President Donald Trump will meet Tuesday with the heads of the big three U.S. automakers as he looks to persuade car manufacturers to retain operations within the country.
The heads of Ford, Fiat Chrysler and General Motors will meet Trump at the White House, press secretary Sean Spicer said. Spicer didn’t further identify the auto executives who will meet with Trump.
Trump met Monday with prominent American manufacturers, including Elon Musk, the head of Tesla Motors Inc., and said he would dramatically cut regulations and corporate taxes. But Trump said manufacturers would face tough penalties if they move production outside the country. Ford Chief Executive Officer Mark Fields also attended that meeting.
"We think we can cut regulations by 75%. Maybe more," Trump said. "When you want to expand your plant, or when Mark wants to come in and build a big massive plant, or when Dell wants to come in and do something monstrous and special--you’re going to have your approvals really fast."
After the meeting, Fields said he was confident Trump was "very serious on making sure the United States economy is going to be strong and have policies--on tax, regulatory or trade--to drive that."
Trump has openly agitated U.S. automakers to keep jobs in the United States and cancel plans to build plants abroad.
"Car companies and others, if they want to do business in our country, have to start making things here again. WIN!" Trump tweeted on Sunday.
All three automakers have given Trump fodder for promoting his efforts to boost U.S. hiring. Ford canceled a $1.6 billion car assembly plant in Mexico and has said it will spend $700 million to expand a Michigan factory instead.
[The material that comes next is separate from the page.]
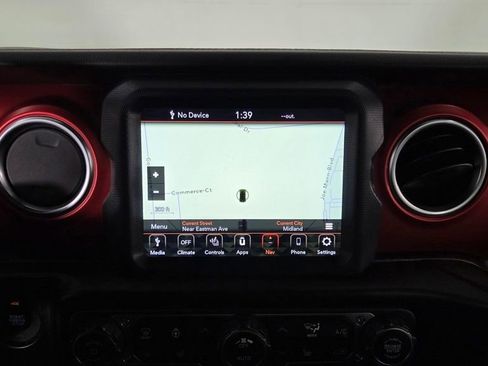 Used 2020 Jeep Gladiator Rubicon w/ Dual Top Group image 24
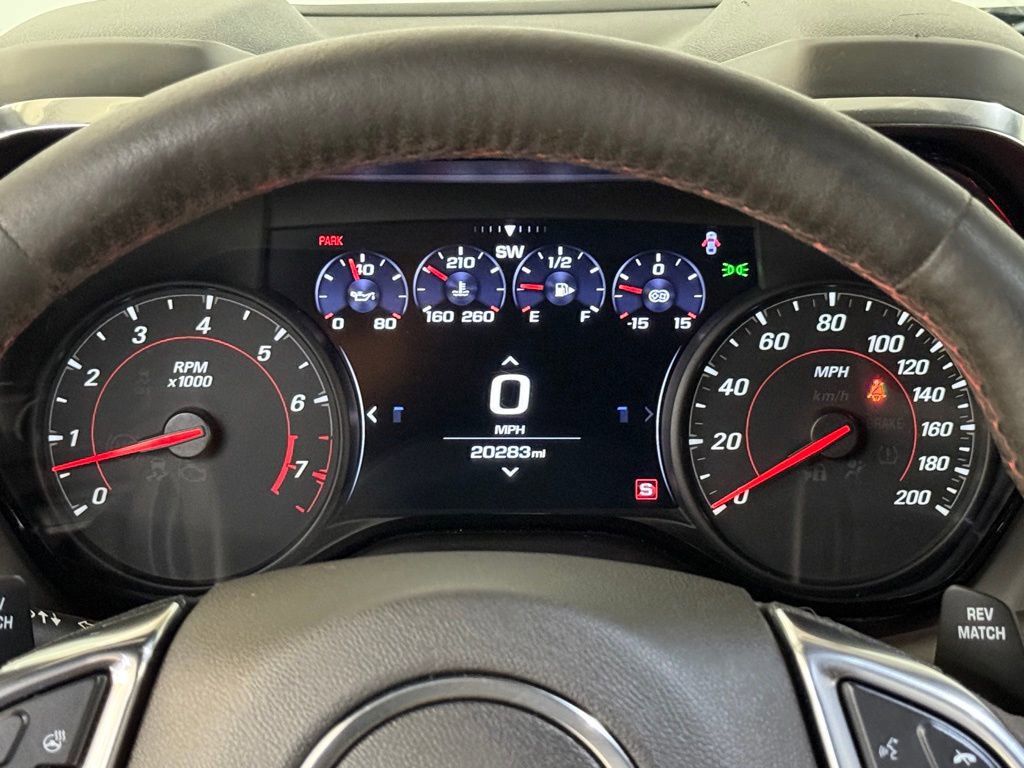 Used 2020 Chevrolet Camaro ZL1 image 20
GM and Fiat Chrysler have each pledged $1 billion in investment toward domestic assemblies, though both companies have said their plans were made prior to Trump winning the election.
All three also continue to produce vehicles in Mexico. Ford will assemble Focus compacts at an existing factory in Hermosillo already building Fusion and Lincoln MKZ sedans.
GM hasn’t announced any step back from plans announced in late 2014 that it would spend $5 billion on new plants in the country by 2018, creating 5,600 jobs. Fiat Chrysler has seven facilities south of the border building parts as well as Ram trucks and vans, Fiat 500 small cars and Dodge Journey sport utility vehicles.